The probability that a teacher will give an unannounced test during any class meeting is $\dfrac{1}{5}$. If a student is absent twice, the probability that he will miss at least one test is:
A.$\dfrac{7}{{25}}$
B.$\dfrac{9}{{25}}$
C.$\dfrac{{16}}{{25}}$
D.$\dfrac{{24}}{{25}}$

Answer 1

Hint: Here, we will first find the probability that no test was missed by the student.
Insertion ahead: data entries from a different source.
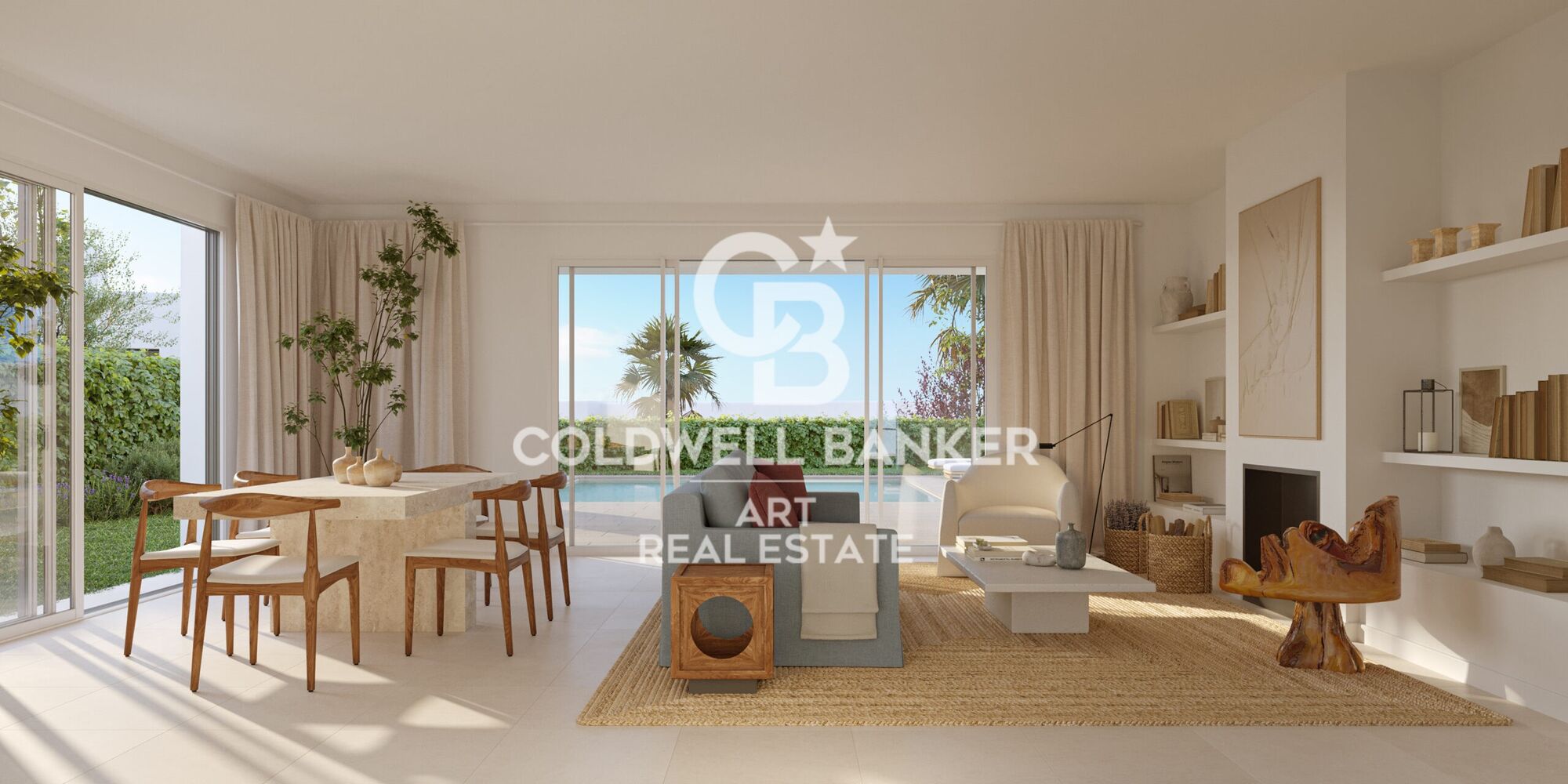 Casas de arquitectura contemporánea con 3 dormitorios en Sotogrande Alto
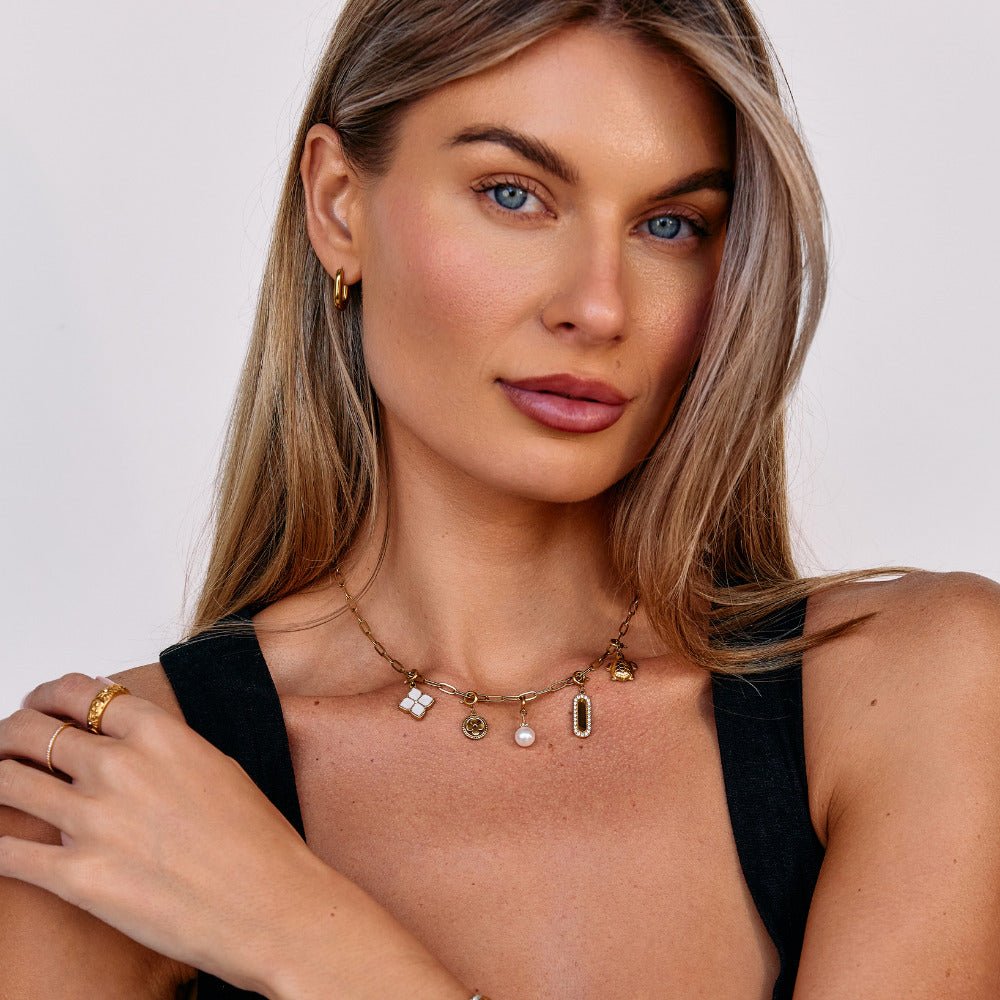 Lucky Kristallen Clover Leaf Charm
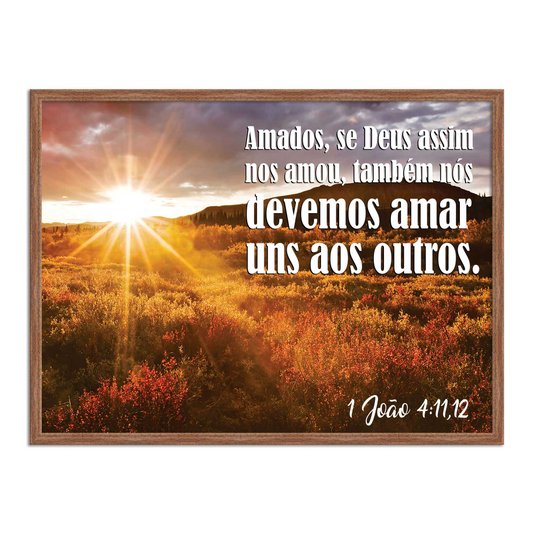 Quadro Decorativo Versículo Bíblico João 4:11,12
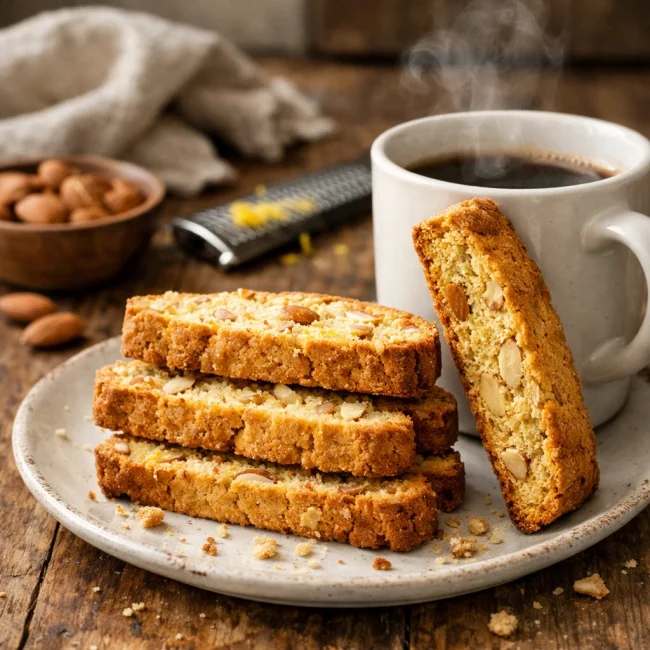 Almond Zest Biscotti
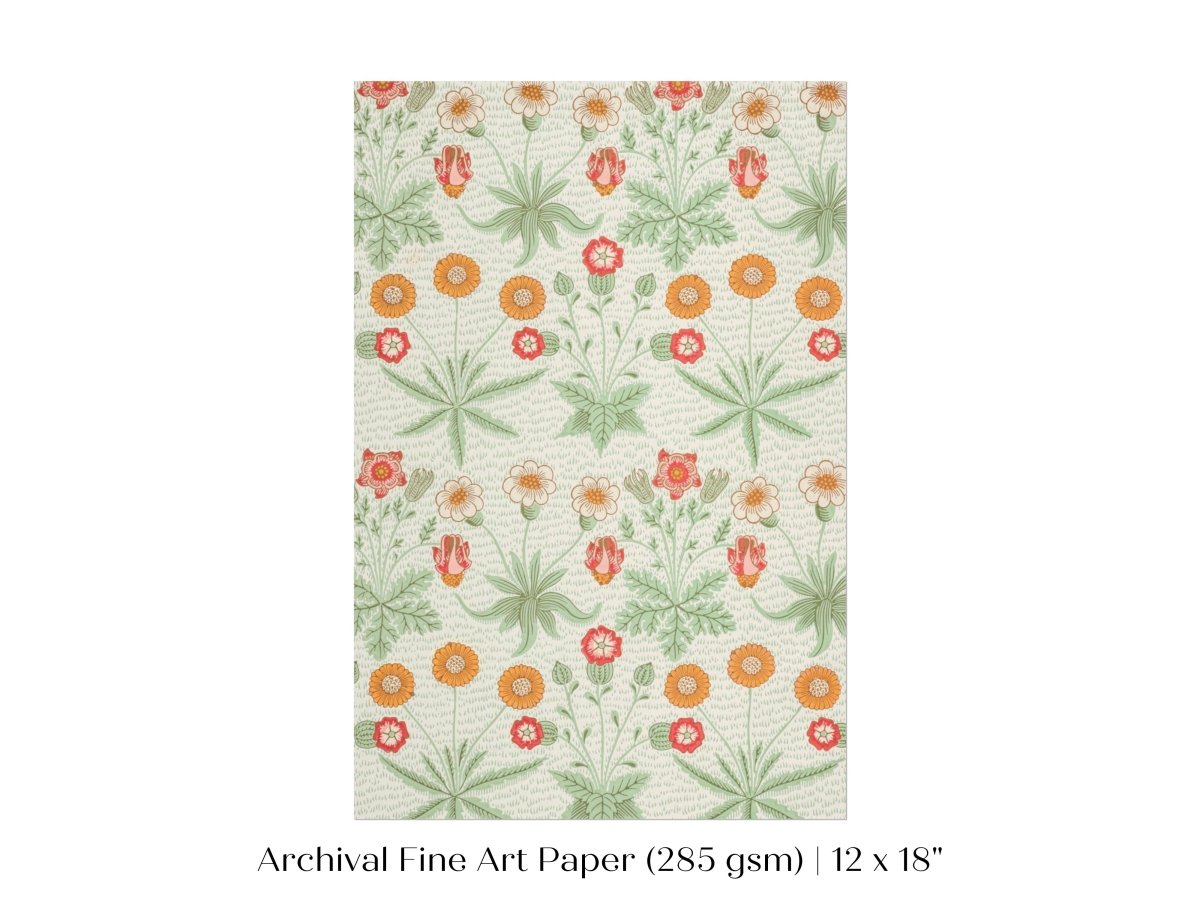 Daisy | William Morris | P285 - Single Art Prints - Piccolo Fiore Prints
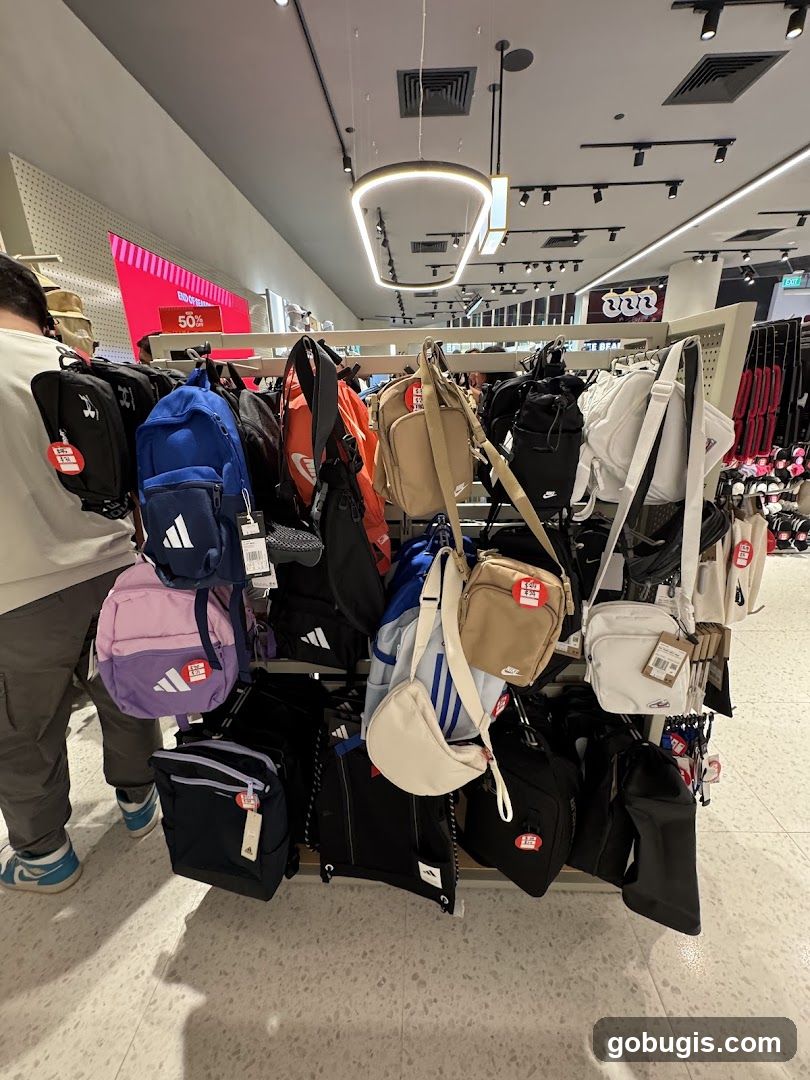 Bags on Display
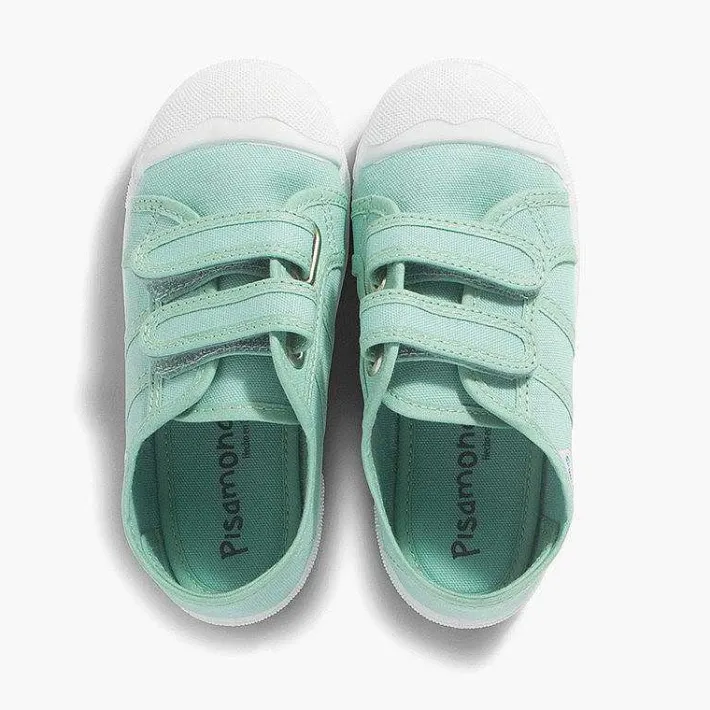 Zapatos Colegiales<Pisamonas Zapatillas Niños Lona Tiras Adherentes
We will use the fact that the total probability of an experiment is 1. Then we will subtract the obtained probability from 1 to find the required probability.

Complete step-by-step answer:
Let $E$ be an event in which a teacher will give an unannounced test during any class meeting.
It is given that the probability that a teacher will give an unannounced test during any class meeting is $\dfrac{1}{5}$.
Therefore, $P\left( E \right) = \dfrac{1}{5}$
Now, if a student is absent twice, let us assume that on those two days, there was no unannounced test which took place.
Hence, the probability that no test was missed by the student $ = \dfrac{4}{5} \times \dfrac{4}{5} = \dfrac{{16}}{{25}}$
Now, we know that the total probability is equal to 1. Therefore,
The probability that the student will miss at least 1 test $ = 1 - \dfrac{{16}}{{25}}$
Taking LCM, we get
$ \Rightarrow $ The probability that the student will miss at least 1 test $ = \dfrac{{25 - 16}}{{25}}$
Subtracting the terms in the numerator, we get
$ \Rightarrow $ The probability that the student will miss at least 1 test $ = \dfrac{9}{{25}}$
Therefore, option B is the correct answer.

Note: An alternate way of solving this question is to solve it directly, i.e.
Since, we are required to find the probability that the student will miss at least 1 test, where it is given that:
The probability that a teacher will give an unannounced test during any class meeting is $\dfrac{1}{5}$
Hence, the probability that on the first day there would be a test but there would be no test on the second day,
 $P\left( {{E_1}} \right) = \dfrac{1}{5} \times \dfrac{4}{5} = \dfrac{4}{{25}}$
Similarly, it could be possible that the test would happen on the second day and on the first day there would be no test.
Hence, $P\left( {{E_2}} \right) = \dfrac{4}{5} \times \dfrac{1}{5} = \dfrac{4}{{25}}$
Also, it could happen that on both the days, the teacher would give an announced test, thus,
$P\left( {{E_3}} \right) = \dfrac{1}{5} \times \dfrac{1}{5} = \dfrac{1}{{25}}$
Now, these three events are mutually exclusive, thus,
The probability that the student will miss at least 1 test $ = P\left( {{E_1}} \right) + P\left( {{E_2}} \right) + P\left( {{E_3}} \right)$
Substituting the values in the above equation, we get
$ \Rightarrow $ The probability that the student will miss at least 1 test $ = \dfrac{4}{{25}} + \dfrac{4}{{25}} + \dfrac{1}{{25}} = \dfrac{9}{{25}}$
Therefore, this is the required answer.
Hence, option B is the correct answer.